Our new expedition vessel Ocean Albatros is anchored in the harbour, and you will embark the ship by Zodiac tender boats by mid-afternoon. After being shown to your stateroom you will be given the mandatory safety briefing, while the captain gets ready to steer out into the South Atlantic Ocean.
DAY 2-3 AT SEA APPROACHING SOUTH GEORGIA. LECTURES BY OUR QUALIFIED EXPEDITION TEAM
Heading due east, we will be followed by numerous black-browed albatrosses as well as other seabirds. We will probably also come across both Peale’s dolphin and Commerson’s dolphin. We will pass Shag Rock on our way to South Georgia where huge swarms of seabirds feed in between large flocks of fur seals.
DAY 4-6 SOUTH GEORGIA, WILDLIFE PARADISE OF THE SOUTH ATLANTIC
South Georgia has a dramatic setting with glacier-clad rugged mountains. Lying in the Southern Ocean south of the Antarctic convergence, the cold sea is booming with life. The island, often referred to as “The Galapagos of the Poles”, can only be reached by ship. There is no permanent human settlement, but seabirds and seals breed in the millions. The difficulty of getting there and the restrictions to protect the environment, makes South Georgia one of the least-visited tourist destinations in the world. Today the island has been largely left to recover from human over-exploration, resulting in dramatic increases in the number of whales, seals as well as penguin and seabird populations. The itinerary and activities over the next couple of days are largely dependent on the weather and the sea.
We will have a chance to visit Salisbury Plain, home to one of the largest king penguin colonies on the island, estimated between 250,000 and 5,000,000. At this time of the year the beaches will also be crowded with plenty of young and very curious fur seals as well as southern elephant seals.
Another possible landing site, we hope to visit, is Prion Island, a reserve for the wandering albatrosses. The site is closed until the end of January to protect the breeding birds. This is one of the few sites to observe these gentle creatures with the largest wingspan of any bird in the world. Gentoo penguins, giant petrels and Antarctic prions also breed on the island.
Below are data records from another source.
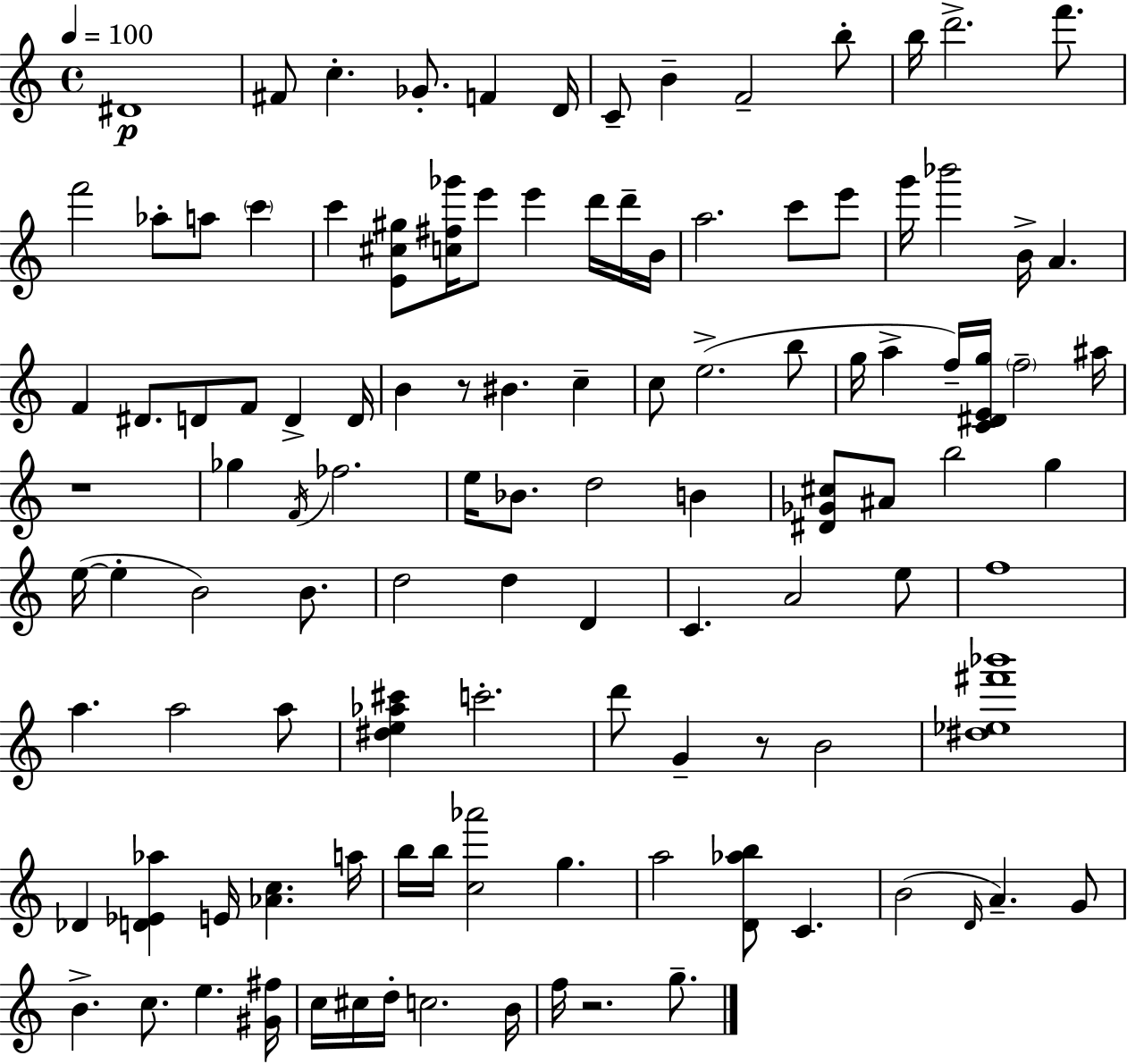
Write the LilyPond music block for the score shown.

{
  \clef treble
  \time 4/4
  \defaultTimeSignature
  \key a \minor
  \tempo 4 = 100
  dis'1\p | fis'8 c''4.-. ges'8.-. f'4 d'16 | c'8-- b'4-- f'2-- b''8-. | b''16 d'''2.-> f'''8. | \break f'''2 aes''8-. a''8 \parenthesize c'''4 | c'''4 <e' cis'' gis''>8 <c'' fis'' ges'''>16 e'''8 e'''4 d'''16 d'''16-- b'16 | a''2. c'''8 e'''8 | g'''16 bes'''2 b'16-> a'4. | \break f'4 dis'8. d'8 f'8 d'4-> d'16 | b'4 r8 bis'4. c''4-- | c''8 e''2.->( b''8 | g''16 a''4-> f''16--) <c' dis' e' g''>16 \parenthesize f''2-- ais''16 | \break r1 | ges''4 \acciaccatura { f'16 } fes''2. | e''16 bes'8. d''2 b'4 | <dis' ges' cis''>8 ais'8 b''2 g''4 | \break e''16~(~ e''4-. b'2) b'8. | d''2 d''4 d'4 | c'4. a'2 e''8 | f''1 | \break a''4. a''2 a''8 | <dis'' e'' aes'' cis'''>4 c'''2.-. | d'''8 g'4-- r8 b'2 | <dis'' ees'' fis''' bes'''>1 | \break des'4 <d' ees' aes''>4 e'16 <aes' c''>4. | a''16 b''16 b''16 <c'' aes'''>2 g''4. | a''2 <d' aes'' b''>8 c'4. | b'2( \grace { d'16 } a'4.--) | \break g'8 b'4.-> c''8. e''4. | <gis' fis''>16 c''16 cis''16 d''16-. c''2. | b'16 f''16 r2. g''8.-- | \bar "|."
} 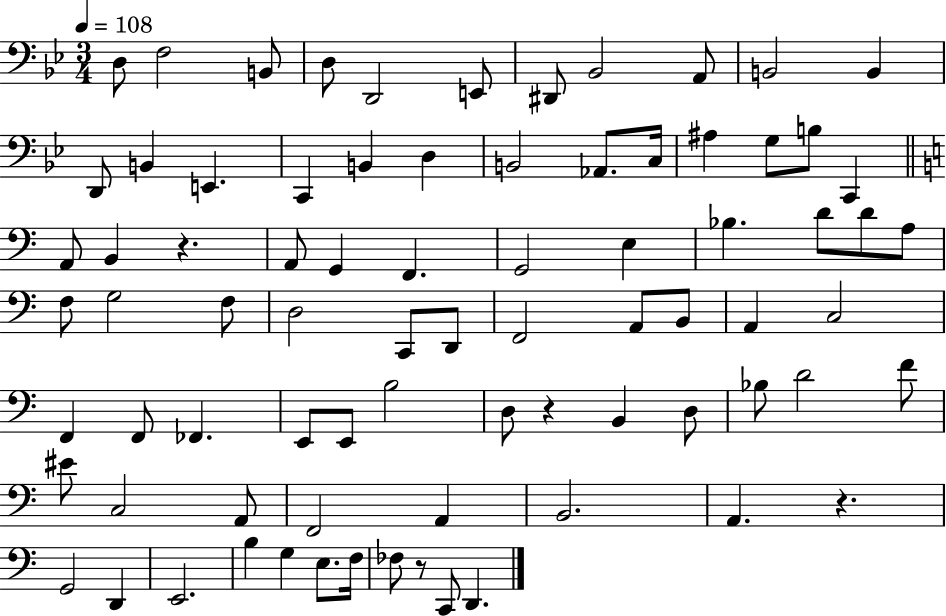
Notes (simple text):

D3/e F3/h B2/e D3/e D2/h E2/e D#2/e Bb2/h A2/e B2/h B2/q D2/e B2/q E2/q. C2/q B2/q D3/q B2/h Ab2/e. C3/s A#3/q G3/e B3/e C2/q A2/e B2/q R/q. A2/e G2/q F2/q. G2/h E3/q Bb3/q. D4/e D4/e A3/e F3/e G3/h F3/e D3/h C2/e D2/e F2/h A2/e B2/e A2/q C3/h F2/q F2/e FES2/q. E2/e E2/e B3/h D3/e R/q B2/q D3/e Bb3/e D4/h F4/e EIS4/e C3/h A2/e F2/h A2/q B2/h. A2/q. R/q. G2/h D2/q E2/h. B3/q G3/q E3/e. F3/s FES3/e R/e C2/e D2/q. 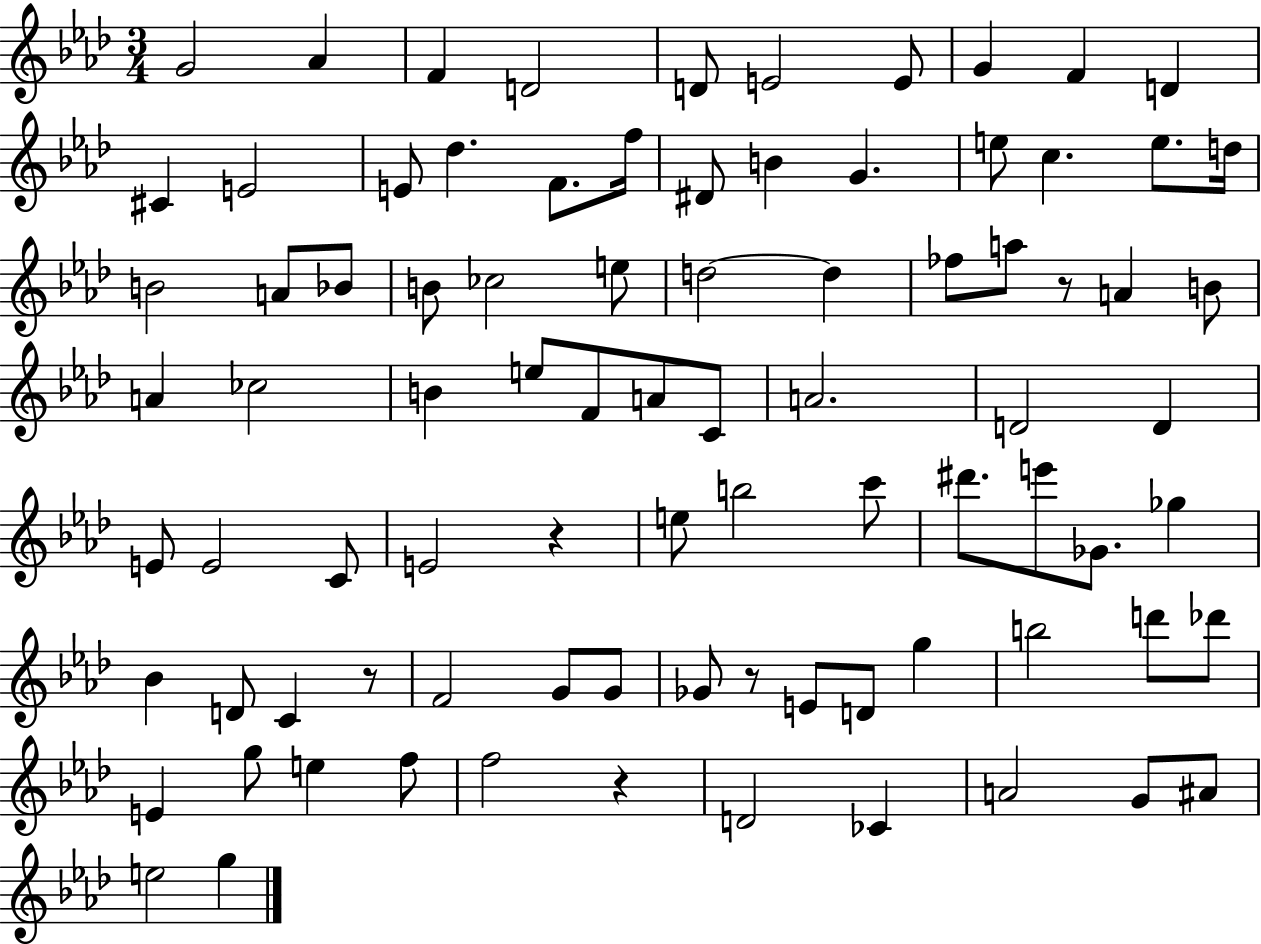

The British administration at Grytviken, a former Norwegian whaling station, is also worth a visit. The famed British explorer Ernest Shackleton died in Grytviken on his second visit, and is buried south of the station. The endemic South Georgia pipits and South Georgia pintails may be seen around the buildings.
DAY 7-10 AT SEA TOWARDS TRISTAN DA CUNHA ARCHIPELAGO
Setting a north-westerly course we soon reach warmer waters as well as westerly winds, giving us a proper push towards the archipelago of Tristan da Cunha. The sea can be rough, but the unique backward sloping bow of Ocean Albatros and her efficient stabilizers reduces vibration and slamming against the waves. En route to the next remote islands, you will have plenty of time to edit your photos of the wildlife and stunning landscapes. Our onboard photographer will offer you help, tips and tricks to improve your picture telling skills. Or you can attend qualified lectures on geology, meteorology, birdlife, marine mammals as well as the history on exploration of the Southern Ocean. From upper decks you can study the albatrosses, petrels and shearwaters taking advantage of the dynamic soaring from lee to windward of the ship.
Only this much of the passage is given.